La décision tant attendue du Conseil constitutionnel est enfin tombée. Si les neufs “sages” ont jugé conforme l’essentiel du texte de la réforme des retraites, ainsi que le véhicule législatif choisi par l’exécutif pour le porter, six de ses dispositions ont été censurées. Les juges se sont également prononcés sur les trois recours déposés respectivement par les députés de la NUPES, la gauche sénatoriale et le Rassemblement national. 

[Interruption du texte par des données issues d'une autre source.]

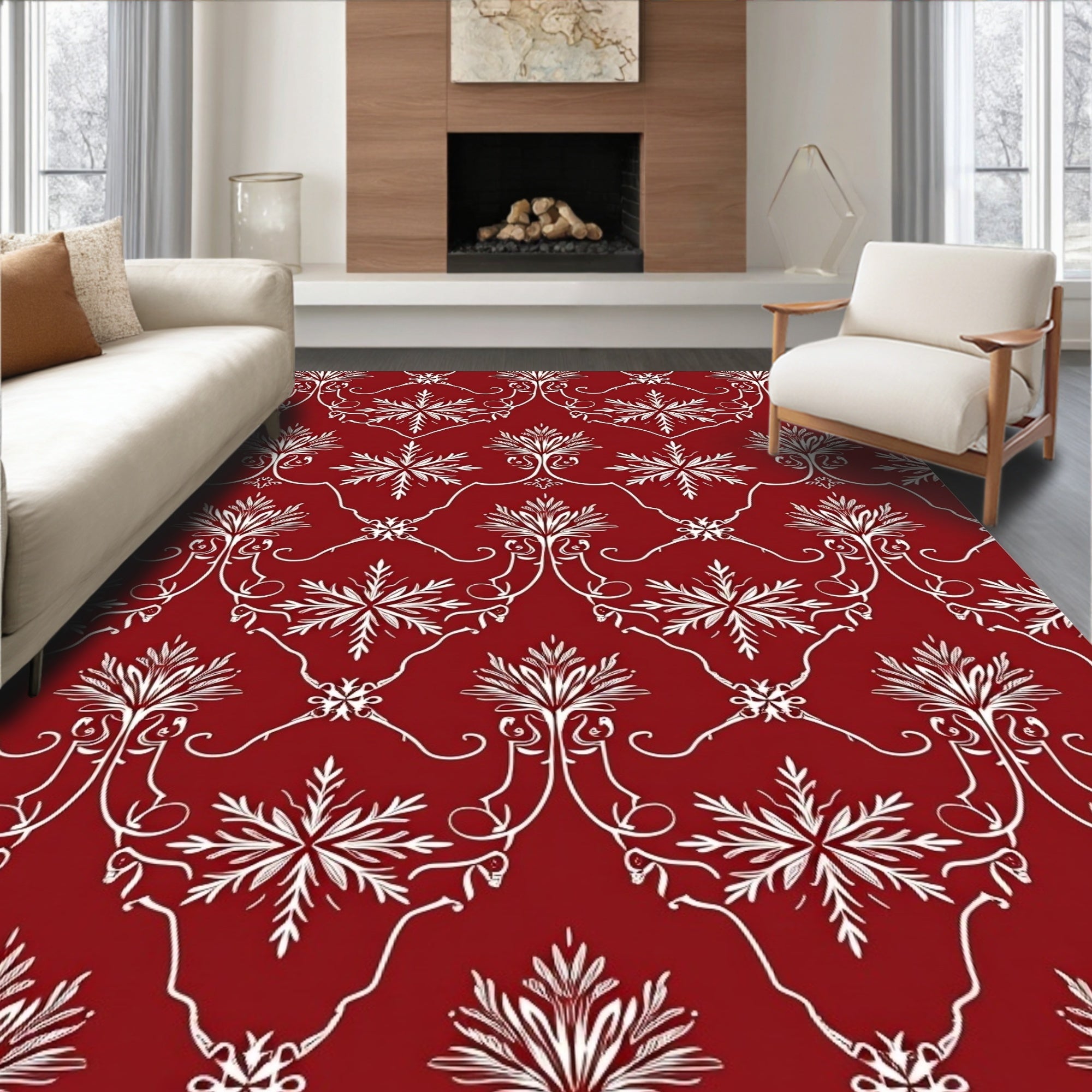 Crimson White Damask Scrollwork Leaf Rug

Ce vendredi 14 avril, le Conseil constitutionnel a statué sur les quatre saisines relatives à la loi de financement rectificative de la sécurité sociale qui abrite la réforme des retraites. Après près de trois semaines de délibération, les neufs juges ont validé partiellement la réforme et censuré six de ses dispositions, dont l’”index senior” et le “CDI sénior”. La proposition de loi référendaire déposée par la gauche parlementaire a également été censurée.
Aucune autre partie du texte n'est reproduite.